[Fwd: Deadlocked Thread State is RUNNABLE?]

Tue Nov 17 17:58:18 PST 2009

Mandy Chung said the following on 11/18/09 11:36:
 > It's a known bug:
 >
 > 6501158: Thread state is incorrect during class initialization
 > procedure
 >
 > I recalled the discussion for this bug but don't remember if we
 > discussed enhancing the java.lang.management spec to cover "waiting"
 > on VM internal actions.
 >
 > David will probably have more information about this.

I have nothing really to add save what is stated in the CR, but as my 
main comment was not public I've moved it to being public (and dropped 
myself as RE) and reproduce it below.

Quite simply the code that does the "wait" is low-level in the VM and 
does not come through the normal Object.wait() path that would set the 
Thread.State. It can be "fixed" but there are a couple of additional 
issues that also need to be addressed due to the fact that the monitor 
used is not associated with Java-level object. (The JLS was updated in 
this regard.)

The meta-discussion was whether we should introduce a new Thread.State 
to cover this special case (waiting for class initialization), and that 
discussion seemed to lean towards doing this (I suggested it and Mandy 
agreed it seemed like a good idea :) ) But things did not progress from 
there.

Cheers,
David
-----

 From 6501158:

The submitter quotes the JLS with regard to the class initialization 
procedure and how synchronization is employed. In fact hotspot does not 
synchronize using the Class object monitor during class initialization - 
this is to avoid denial-of-service style attacks just by explicitly 
locking a Class object. The JLS is in the process of being updated to 
say that a "unique initialization lock " is used for class 
initialization, not necessarily the Class object's lock. This brings the 
spec into line with the hotspot implementation.

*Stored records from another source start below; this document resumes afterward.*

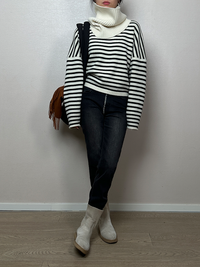 Striped Knitted Tops With Neck_BDHL6915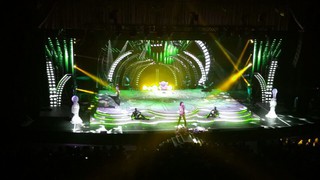 В Бишкеке прошел концерт Филиппа Киркорова (фото)
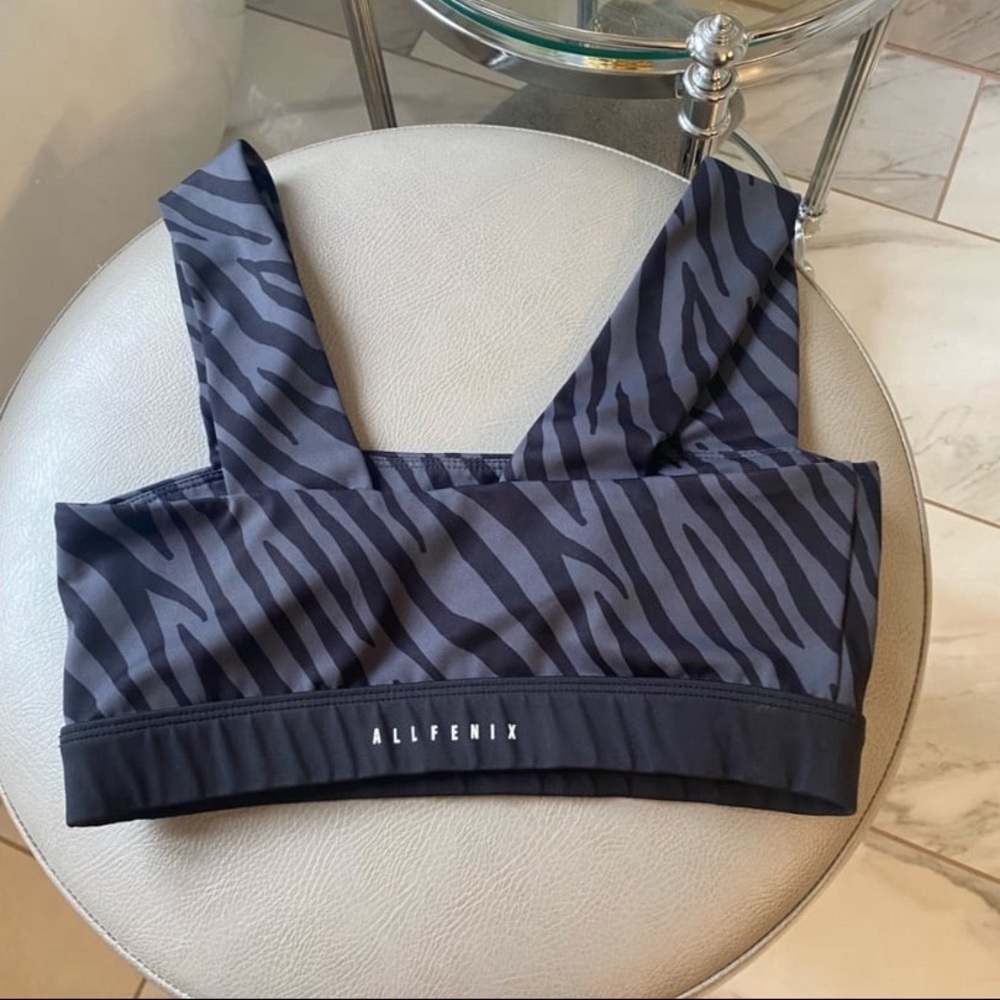 ALLFENIX  x Anthropologie charcoal tiger bandeau sports bra S - Picture 3 of 4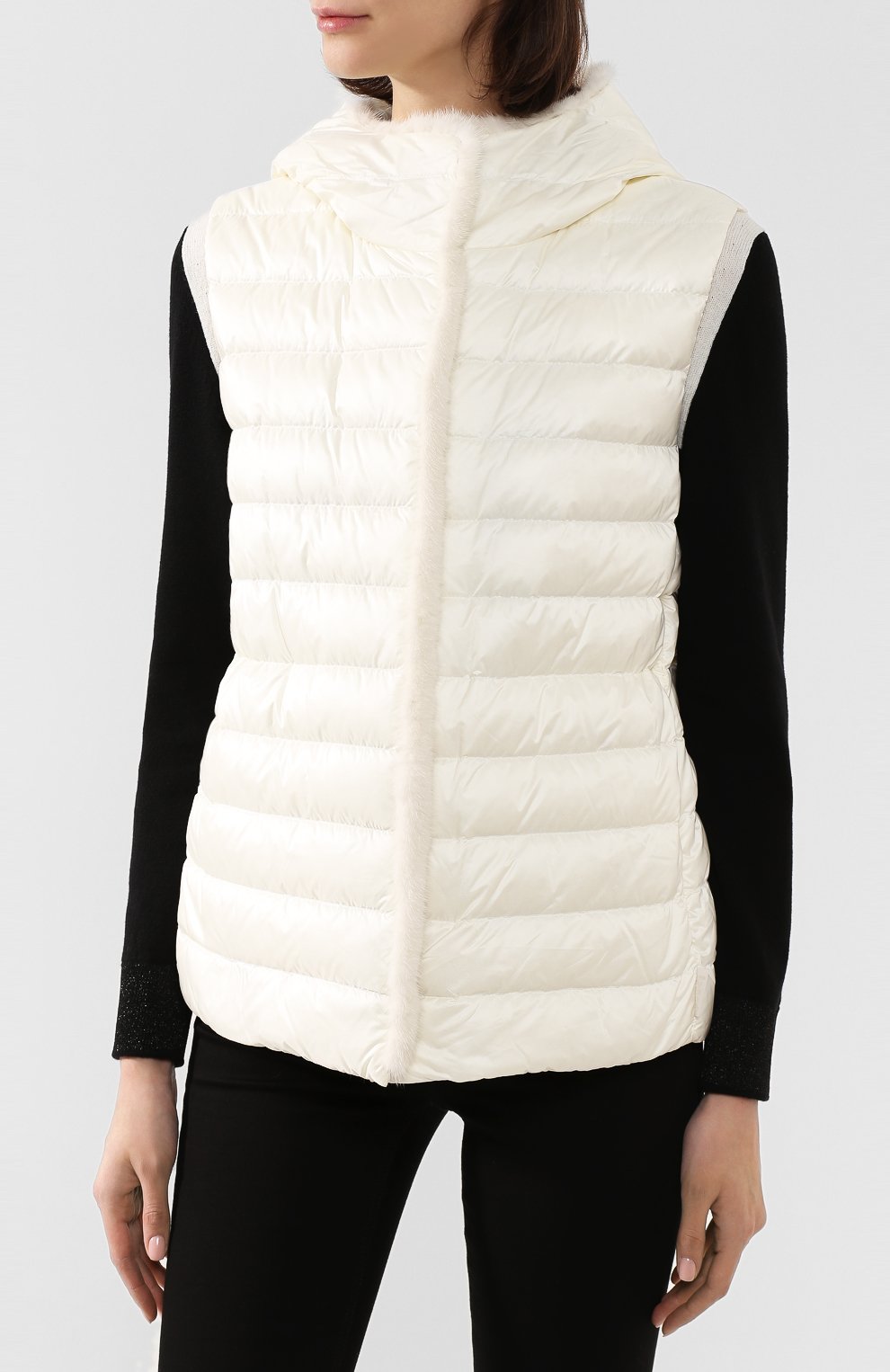 Пуховый жилет beurre MONCLER белого цвета по цене 166700 руб., арт. F1-093-1B105-01-C0357, фото 3 Пуховый жилет beurre MONCLER, арт. F1-093-1B105-01-C0357, фото 3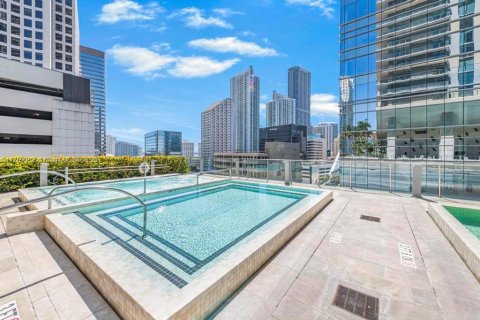 Copropriété à vendre à Miami, Floride: 2 chambres, 110.83 m2 № 1708278 - photo 27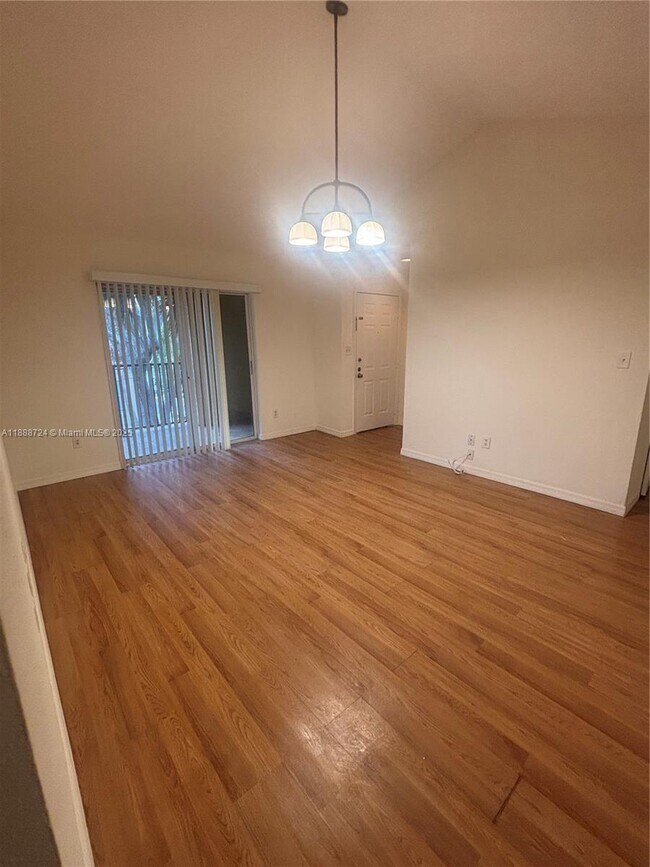 Foto del edificio - 875 Riverside Dr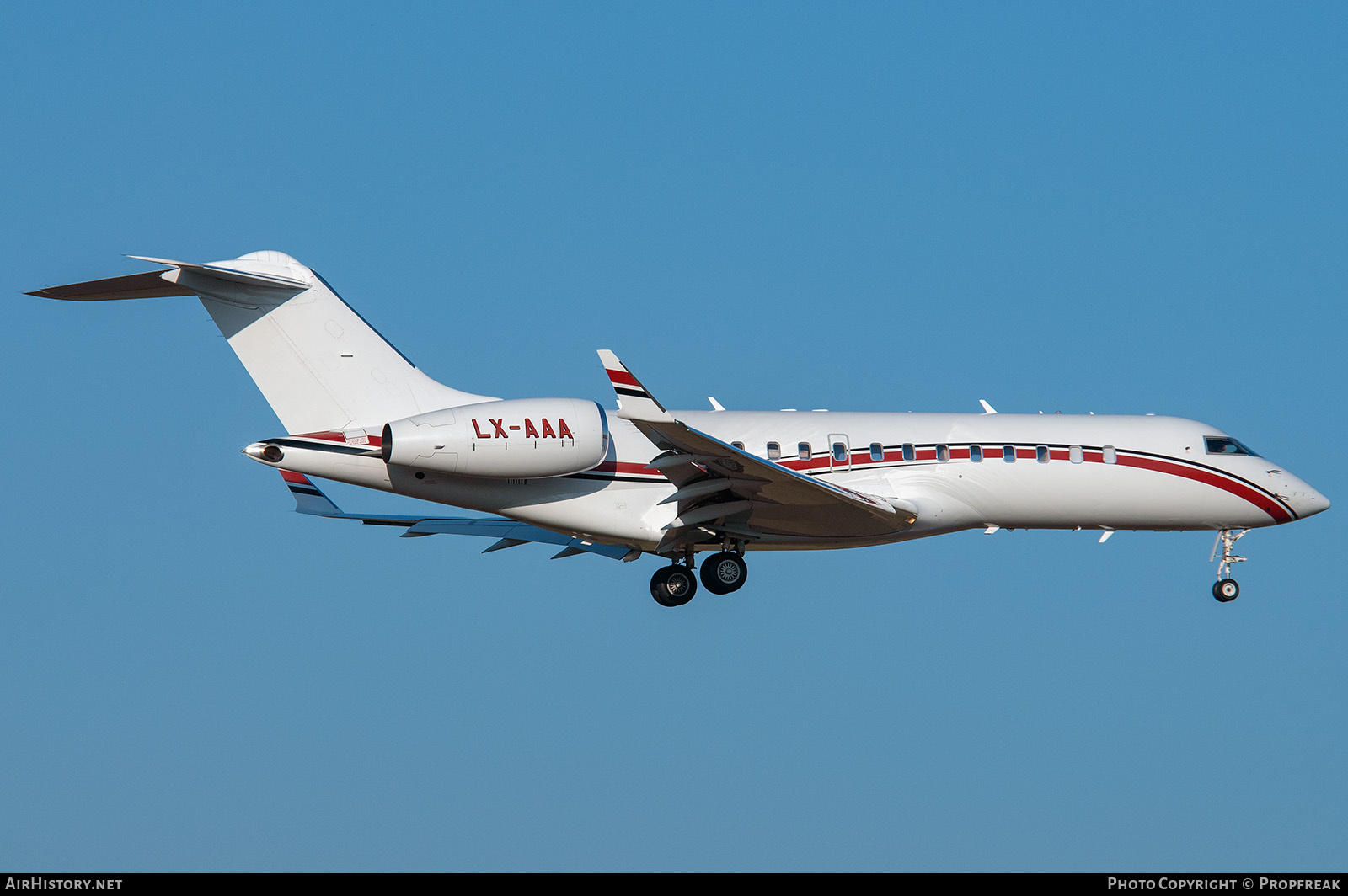 Aircraft Photo of LX-AAA | Bombardier Global Express (BD-700-1A10) | AirHistory.net #767125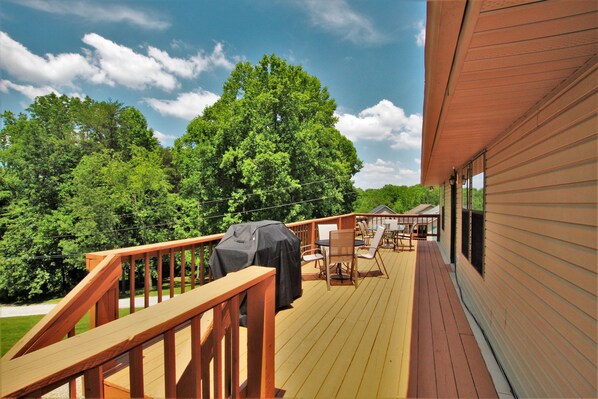 Outdoor dining - Large 8 Bedroom Home Overlooking Play Area, And Pool. Great For Family Reunions. (Monticello)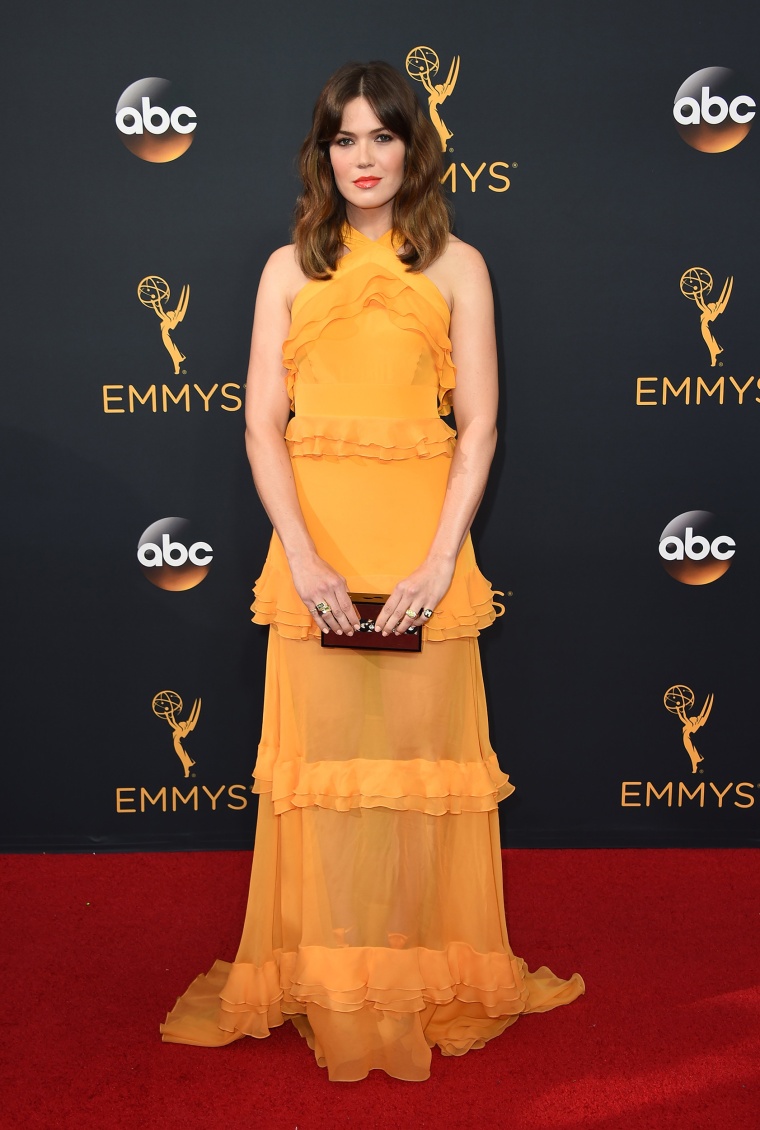 Mandy Moore Emmys red carpet 2016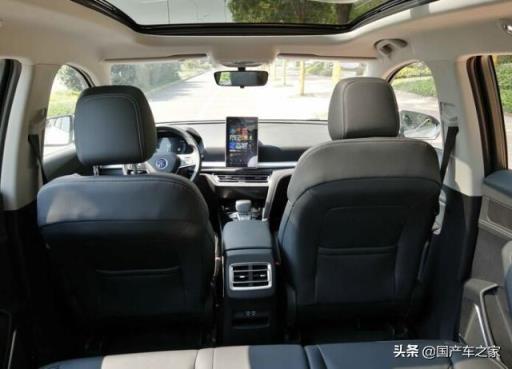 比亚迪宋Pro车主驾驶感受分享：跑了1800多公里，市区油耗可接受
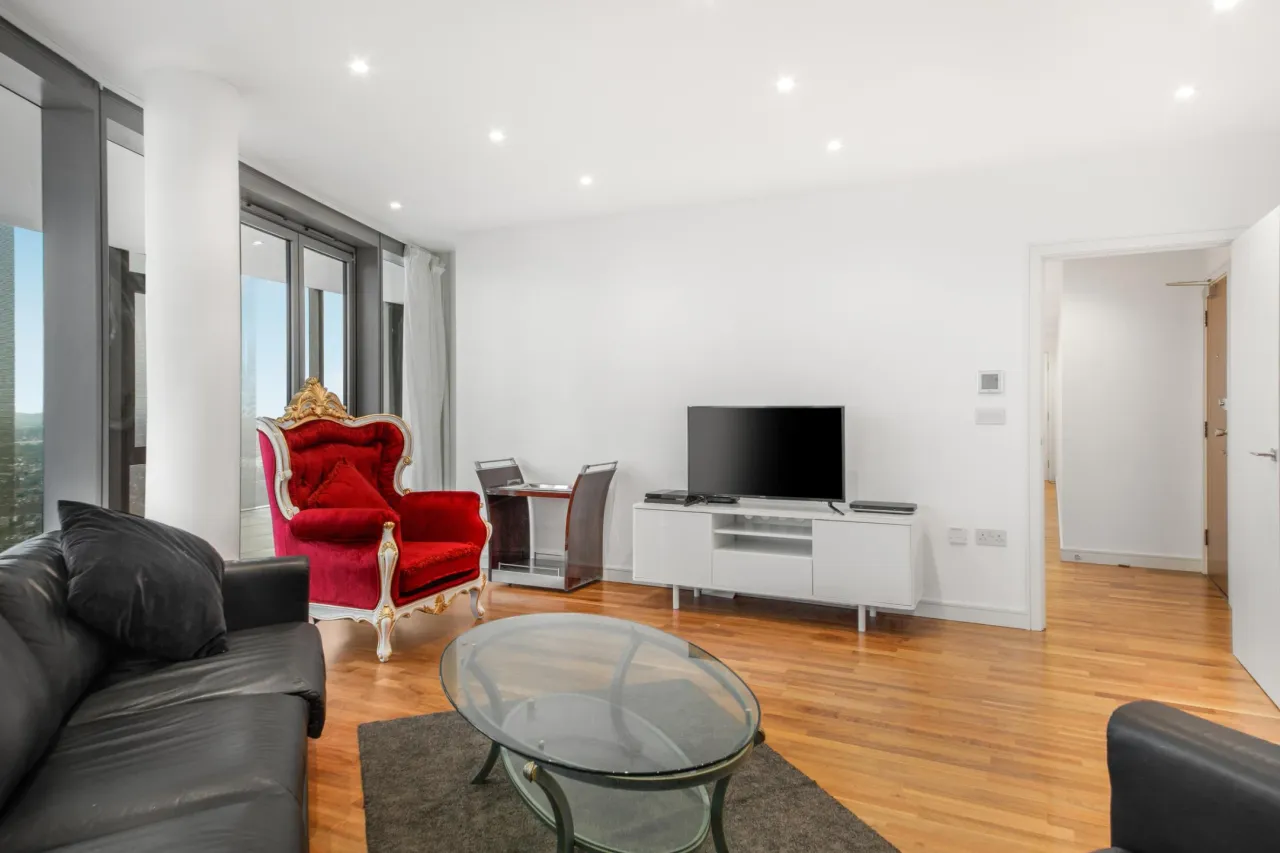 Ealing Road, Brentford, TW8, photo 6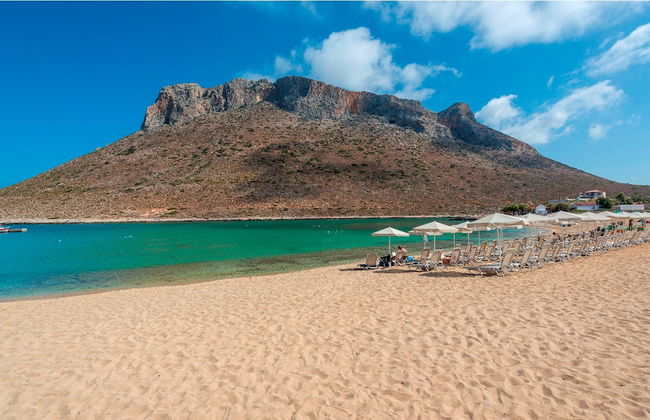 Gorgeous Villa with Garden - Stavros Beach - Foto 34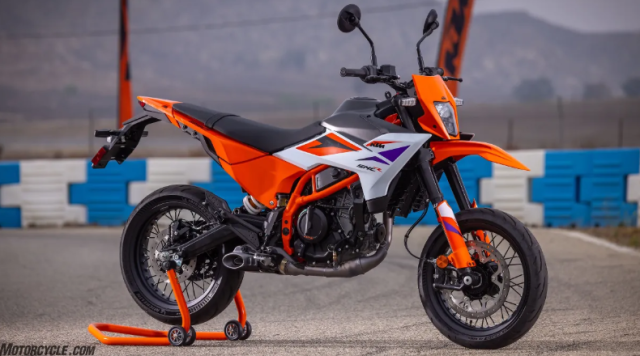 KTM 390 SMC R 2025 Khi niem vui lai xe khong can den tui tien day
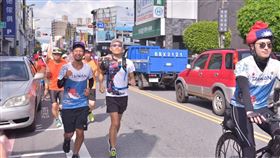 軌跡環島馬拉松明迎最終日！志水直樹日前跑經花蓮，以雙腳寫下台日友好。（圖／花蓮市公所提供）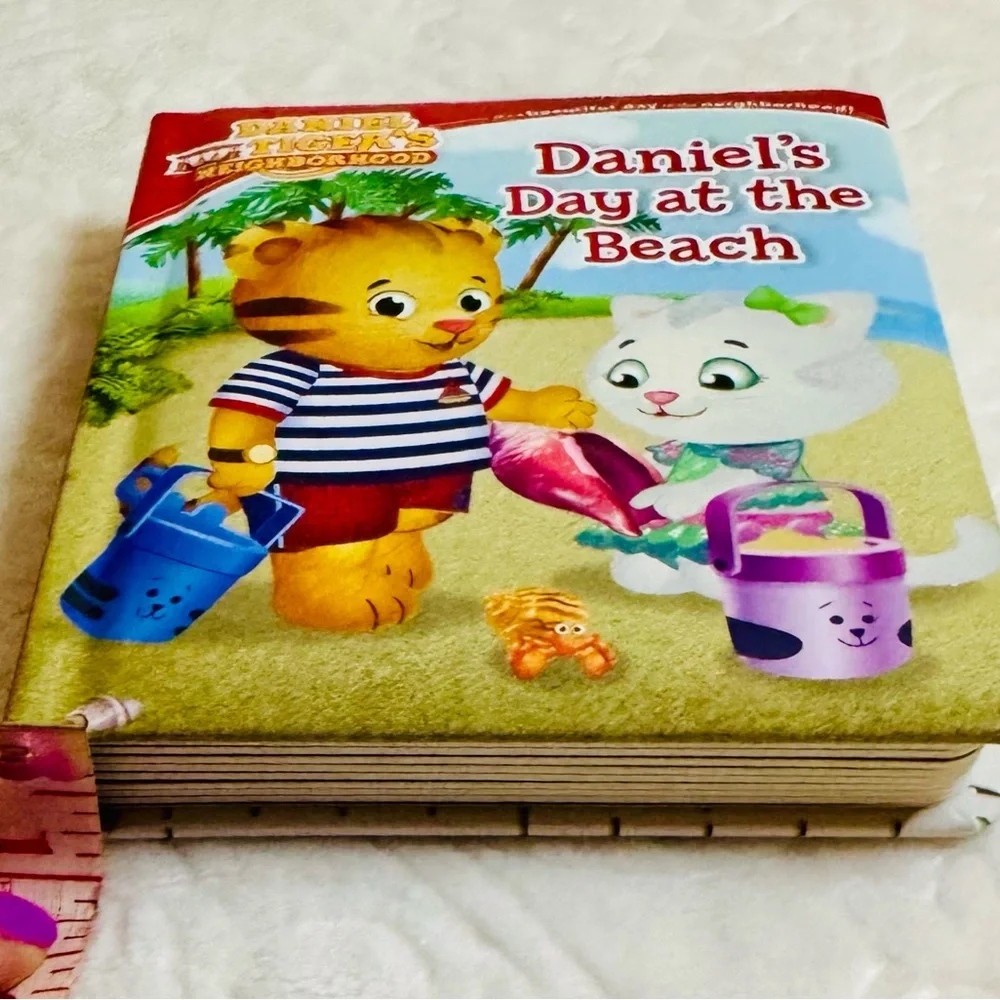 Daniel's Day at the Beach Book by Daniel Tiger’s Neighborhood (New with tags on)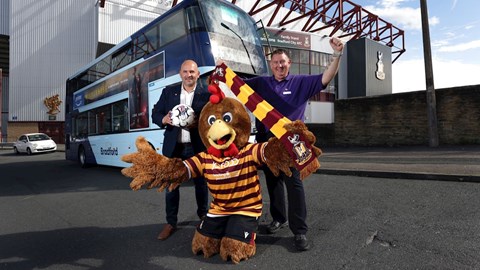 FIRST BUS AND BANTAMS BUILD ON PARTNERSHIP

The reason I mention this is that the monitor that hotspot uses is 
associated with the klassOop for the class. The monitor code sets 
current_waiting_monitor() or current_pending_monitor() as appropriate 
during wait() or monitor entry. The management code, via the 
ThreadService::ThreadSnapShot gets a hold of the object associated with 
the monitor for a blocked thread and assumes that the object is in fact 
the oop for a java.lang.Object. When the klassOop is treated as in 
instance oop and queried for its own class etc then we end up crashing 
the VM.

The suggested fix correctly sets the thread state to "WAITING":

Full thread dump Java HotSpot(TM) Tiered VM 
(1.7.0-internal-dh198349-fastdebug mixed mode):

"Runner" prio=3 tid=0x08171800 nid=0xb in Object.wait() 
[0xcb99d000..0xcb99dbb0]
    java.lang.Thread.State: WAITING (on object monitor)

but additional changes are need in ThreadSnapShot to discard the 
non-instance oop. (It seems JvmtiEnvBase::get_current_contended_monitor 
would need a similar modification). This seems to work and getThreadInfo 
simply reports eg:

Current thread info: "Runner" Id=8 WAITING

which seems okay. And getLockInfo() returns null.

It is unclear however whether reporting this information actually 
violates the specification for these management API's. A thread is only 
WAITING when performing Object.wait(), in which case there must be an 
Object being waited upon and so LockInfo must return non-null 
information. Yet that is not the case here.

It seems to me that while we can report the information above, it might 
be better to see whether the management specification can be enhanced to 
cover "waiting" on VM internal actions and to then report this 
circumstance as one of those.

Note also that the existing hotspot code could already be susceptible to 
a crash due to the use of the klassOop monitor for class initialization. 
If the timing were just right, a call to getThreadInfo could see a 
thread blocked trying to acquire this monitor (not wait upon it) and 
that would be captured by the ThreadSnapshot and eventually cause a 
crash. The fact that the snapshot requires a safepoint makes it less 
likely that you would encounter the target thread while blocked on the 
monitor, as the monitor is only held for a short period during class 
initialization.

I will await discussion with the management/monitoring folk before 
deciding how best to proceed with this CR.